Problem description.
An exact reprint of the listing is required, with no pictures included.

═════ Input material

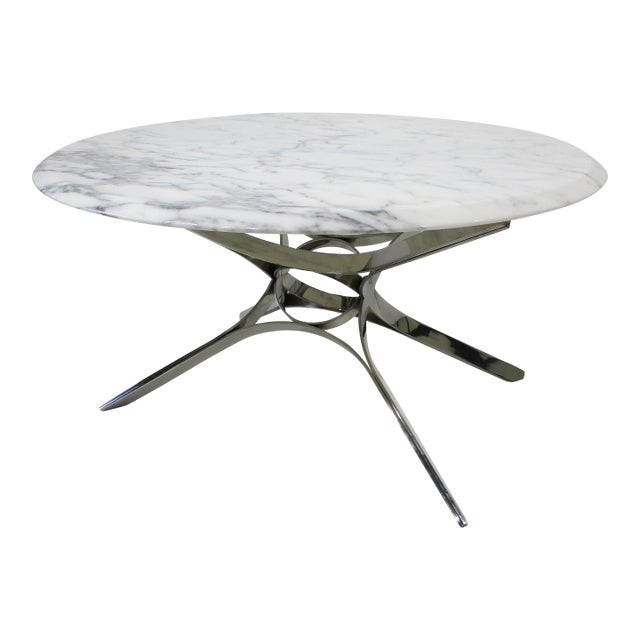 Dunbar Sculptural Marble Chrome Coffee Table by Roger Sprunger For Sale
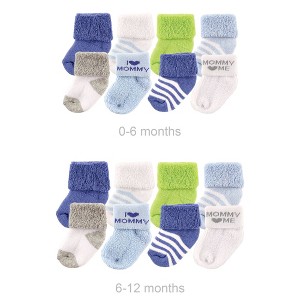 Luvable Friends Infant Boys Grow with Me Cotton Terry Socks, Blue Mom, 0-6 and 6-12 Months - 1 of 1
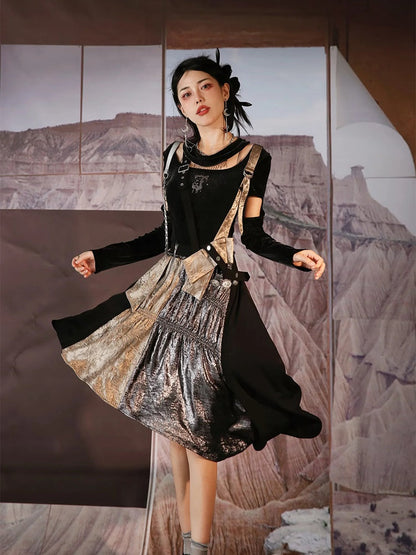 Velvet Metallic Glossy Nichi Cutsew Body-Suit Skirt【s0000004008】 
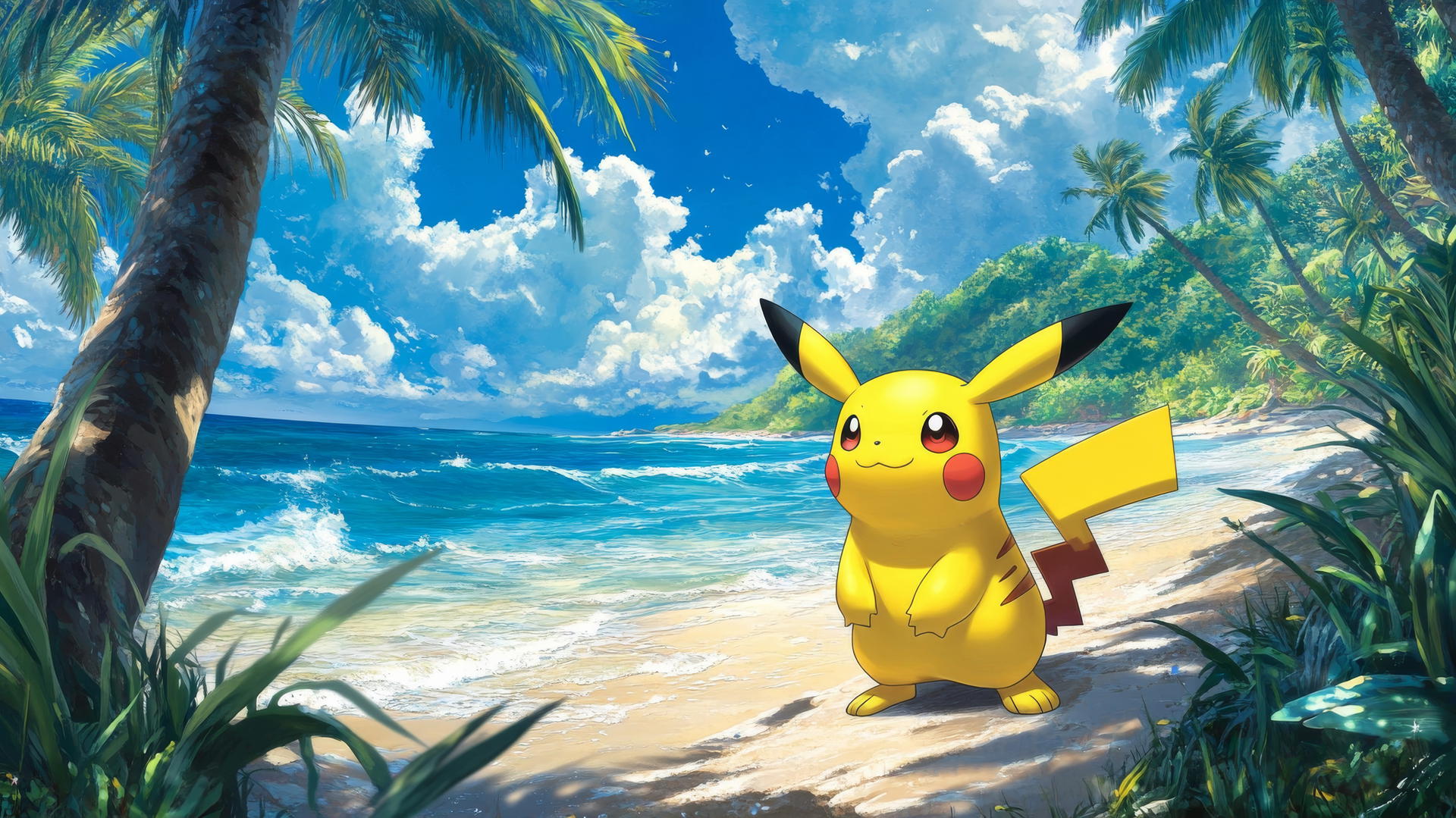Pikachu on a tropical island beach with palm trees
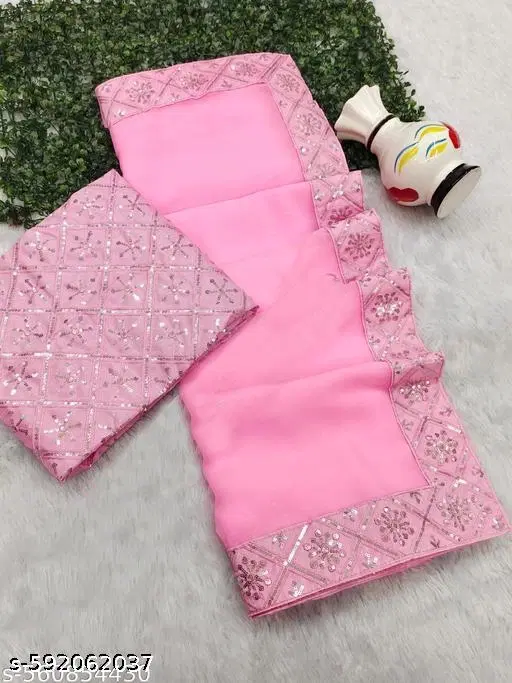 Georgette Saree for Women, Pink (5.5 M)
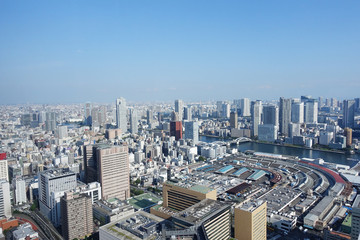 Fototapeta na wymiar Tokyo's district view, Shiodome, Tsukiji and other towns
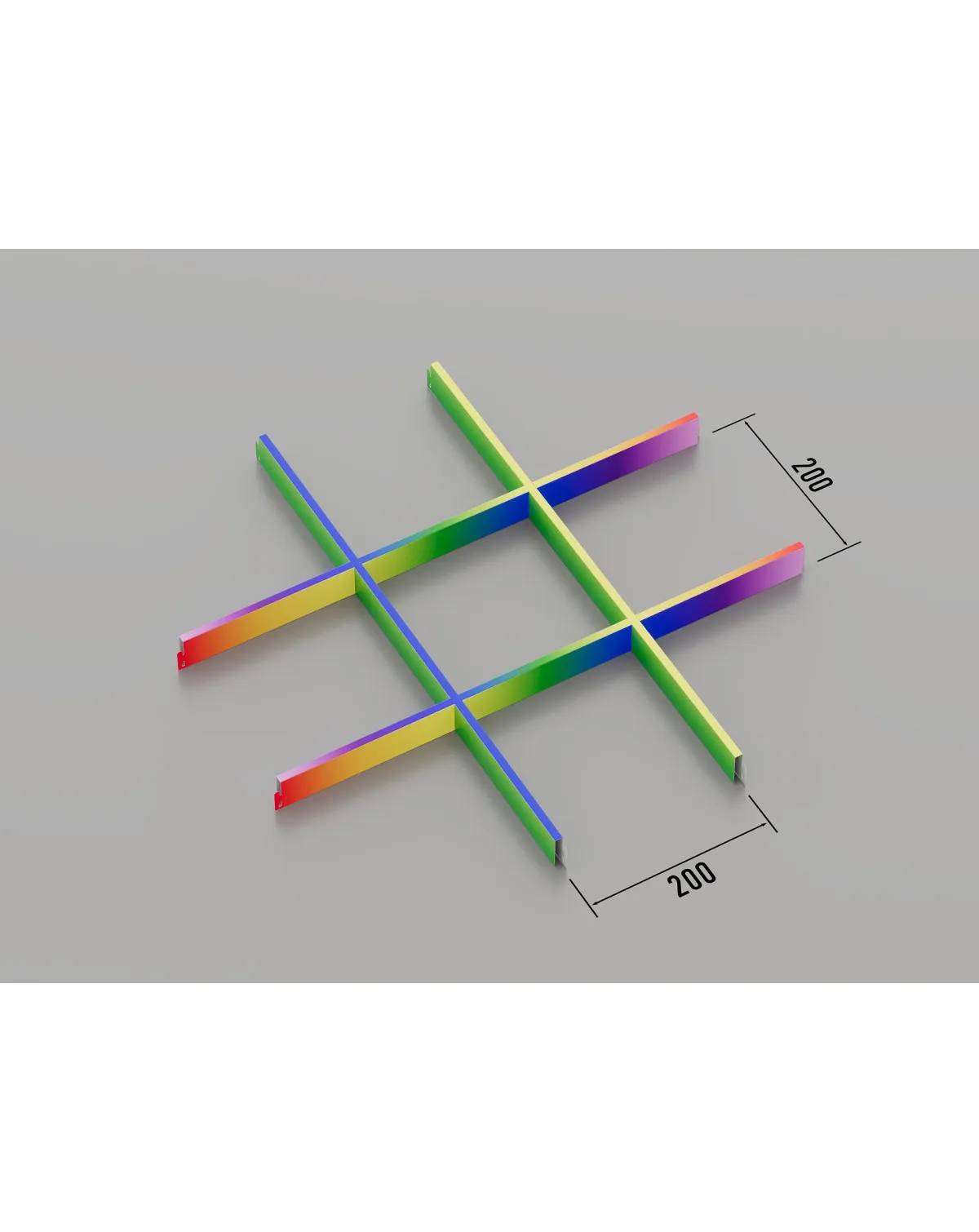 Подвесной потолок Грильято 200x200 мм (RAL под заказ) - 225149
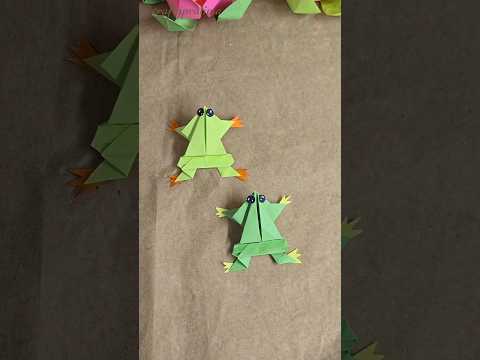 Paper frog Making | origami crafts  #craft #shorts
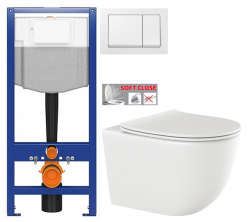 CERSANIT predstenový inštalačný systém s bielym tlačidlom K97-516 + WC INVENA TINOS  + SEDADLO (K97-526 516 NO1)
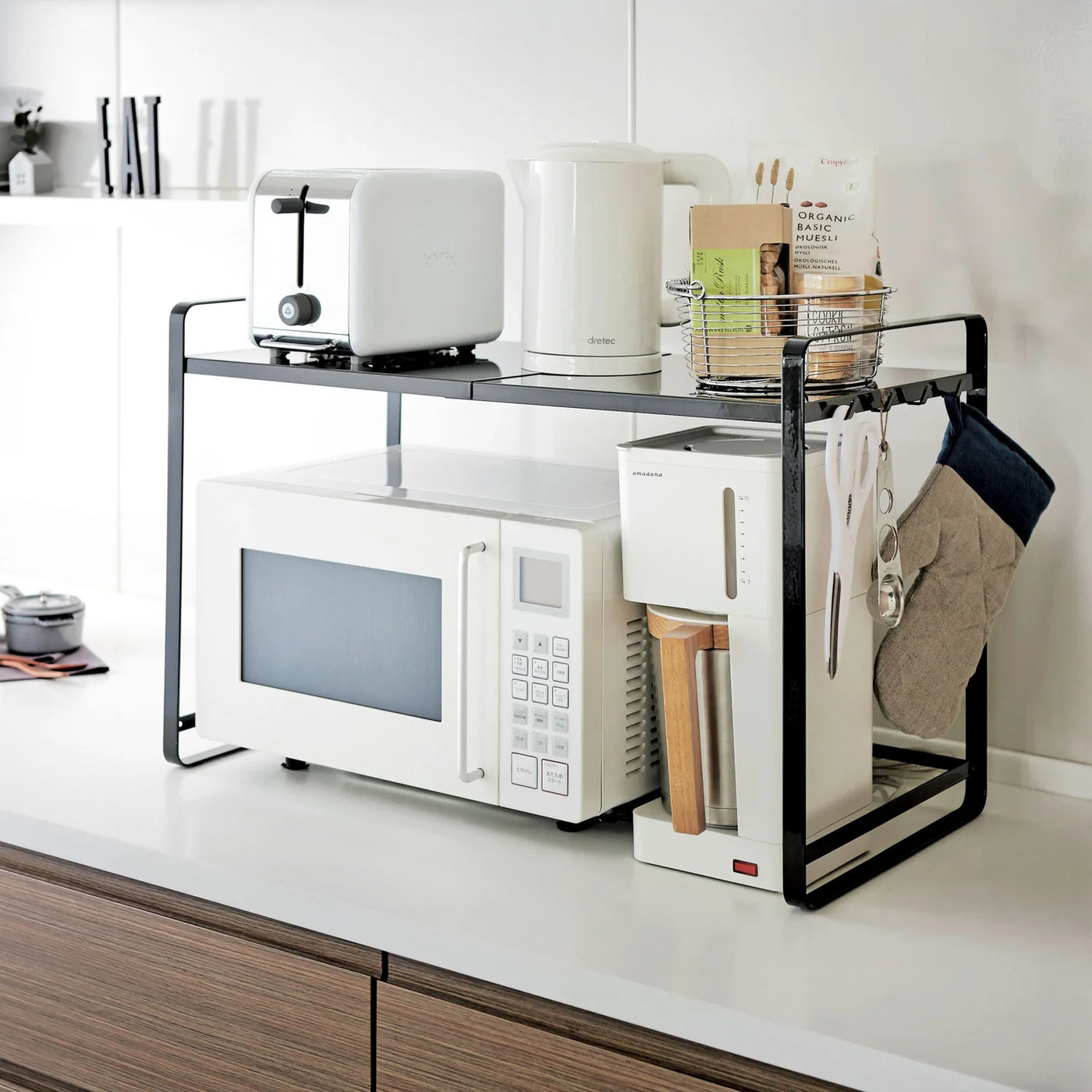Estante De Cocina Extensible (Negro) De Metal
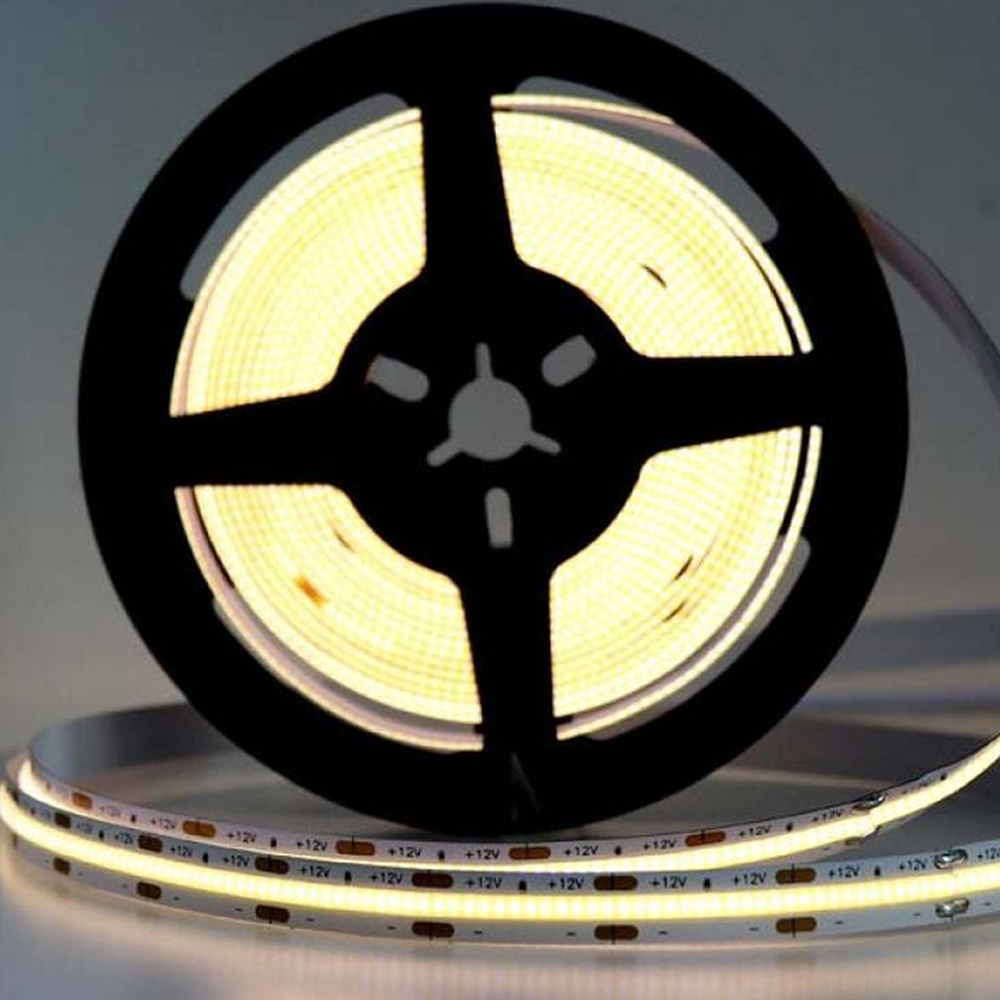 12V COB LED Strip Lights with 480 LEDs/M, 12W/M, 1200lm/M, CRI 90-92, 6000K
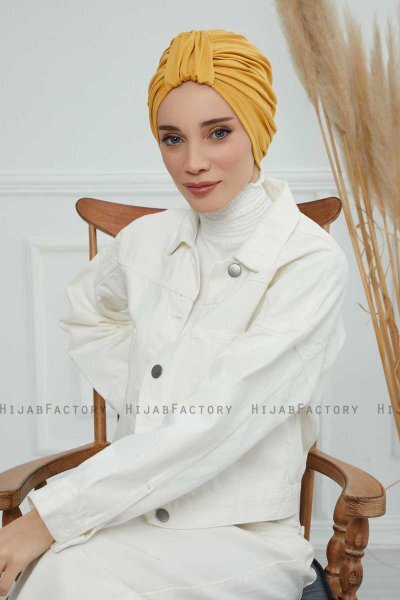 Laura - Sennepsgul Bomuld Turban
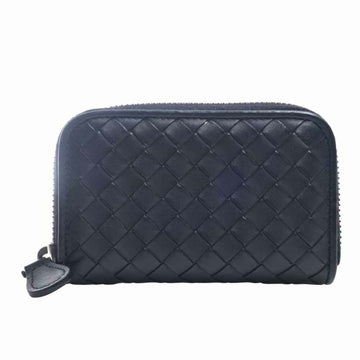 BOTTEGA VENETA Intrecciato Leather Round Coin Purse - Black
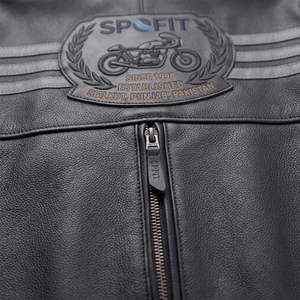 Blouson de moto en peau de mouton pour homme, hiver, épais, chaud, décontracté, vintage, col montant, fermeture éclair, logo personnalisé - Product Image 4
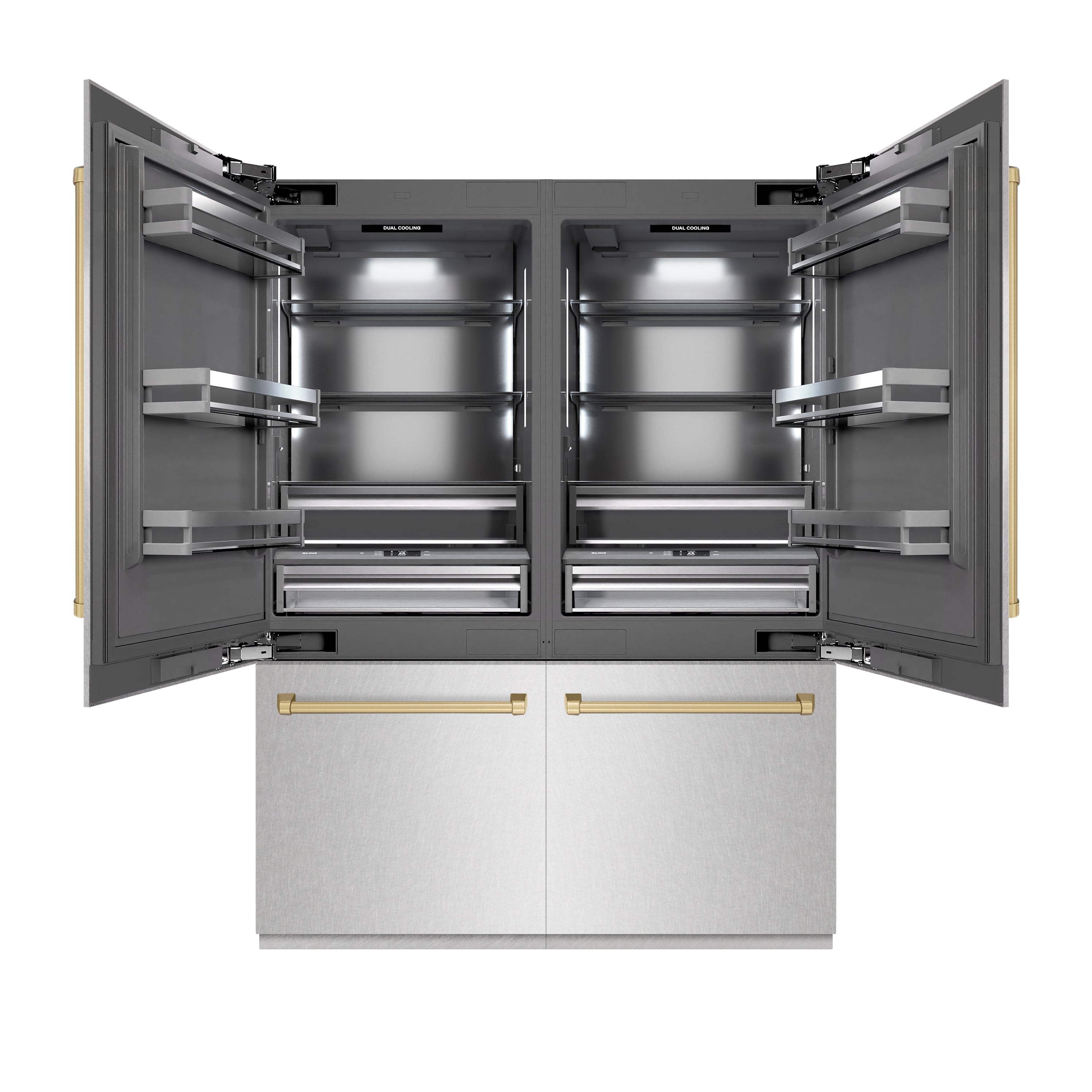 ZLINE Autograph Edition 60 in. 32.2 cu. ft. French Door Built-In Bottom Freezer Refrigerator with Water Dispenser and Ice Maker in DuraSnow® Stainless Steel with Graphite Gray Interior and Champagne Bronze Accents (GRBIVZ-SN-60-CB)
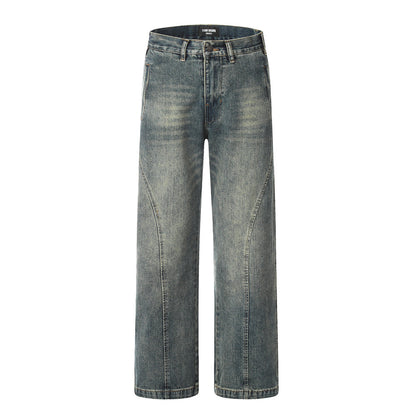 Washed Denim Straight-leg Trousers Men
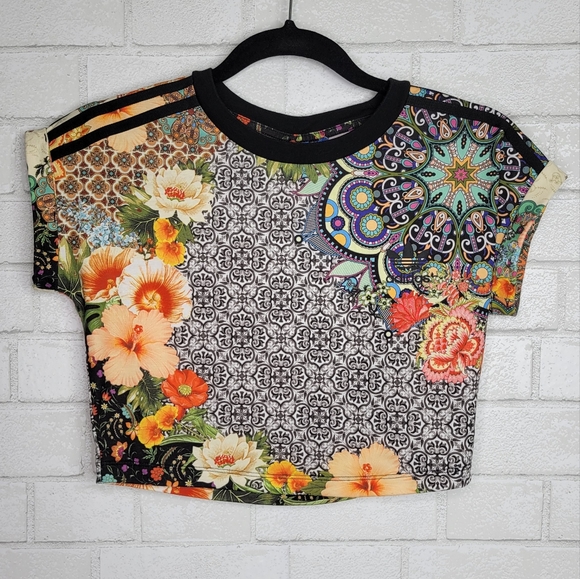adidas Tops - Adidas Floral Contrast Crop Top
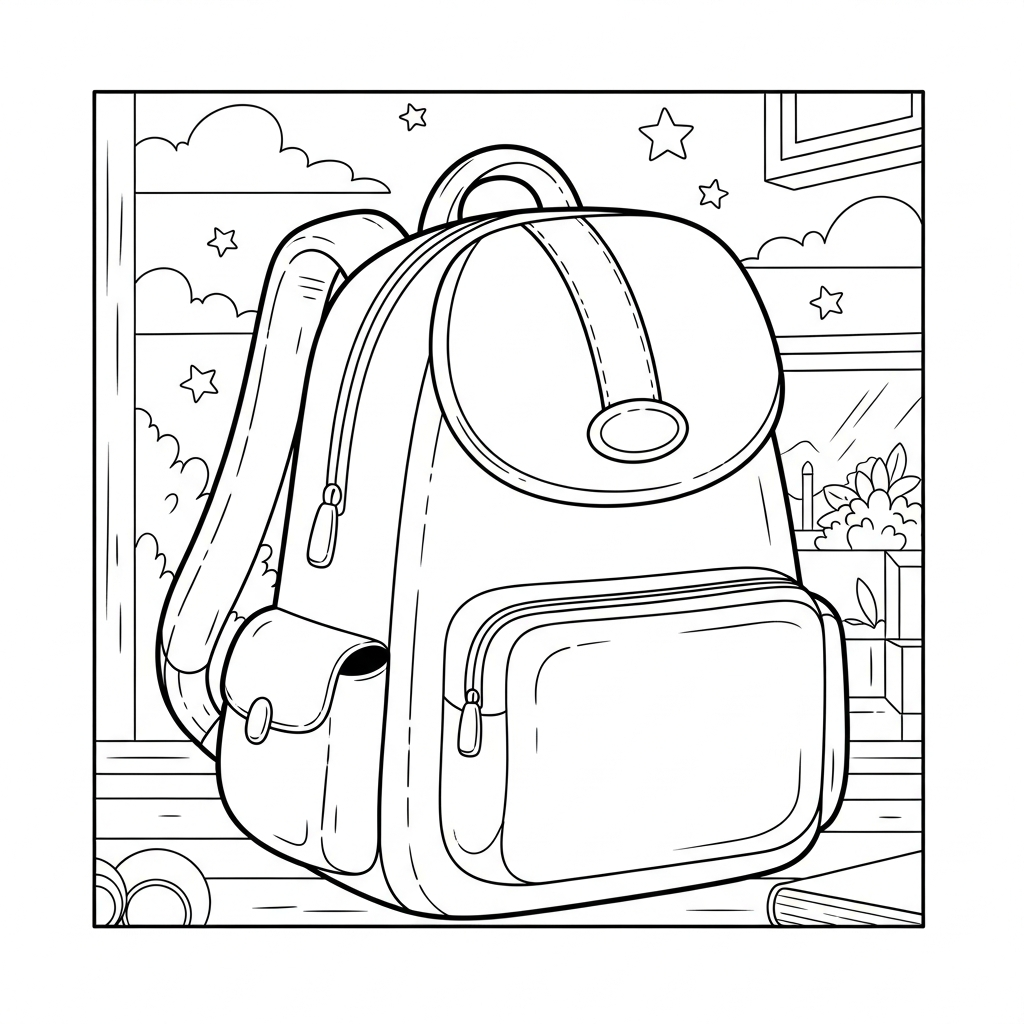 Medium Cartoon Student Backpack During First Day Of School Coloring Page coloring page printable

══════════

Task output.
 Dunbar Sculptural Marble Chrome Coffee Table by Roger Sprunger For Sale
 Luvable Friends Infant Boys Grow with Me Cotton Terry Socks, Blue Mom, 0-6 and 6-12 Months - 1 of 1
 Velvet Metallic Glossy Nichi Cutsew Body-Suit Skirt【s0000004008】 
Pikachu on a tropical island beach with palm trees
 Georgette Saree for Women, Pink (5.5 M)
 Fototapeta na wymiar Tokyo's district view, Shiodome, Tsukiji and other towns
 Подвесной потолок Грильято 200x200 мм (RAL под заказ) - 225149
 Paper frog Making | origami crafts  #craft #shorts
 CERSANIT predstenový inštalačný systém s bielym tlačidlom K97-516 + WC INVENA TINOS  + SEDADLO (K97-526 516 NO1)
Estante De Cocina Extensible (Negro) De Metal
 12V COB LED Strip Lights with 480 LEDs/M, 12W/M, 1200lm/M, CRI 90-92, 6000K
 Laura - Sennepsgul Bomuld Turban
 BOTTEGA VENETA Intrecciato Leather Round Coin Purse - Black
 Blouson de moto en peau de mouton pour homme, hiver, épais, chaud, décontracté, vintage, col montant, fermeture éclair, logo personnalisé - Product Image 4
 ZLINE Autograph Edition 60 in. 32.2 cu. ft. French Door Built-In Bottom Freezer Refrigerator with Water Dispenser and Ice Maker in DuraSnow® Stainless Steel with Graphite Gray Interior and Champagne Bronze Accents (GRBIVZ-SN-60-CB)
 Washed Denim Straight-leg Trousers Men
adidas Tops - Adidas Floral Contrast Crop Top
 Medium Cartoon Student Backpack During First Day Of School Coloring Page coloring page printable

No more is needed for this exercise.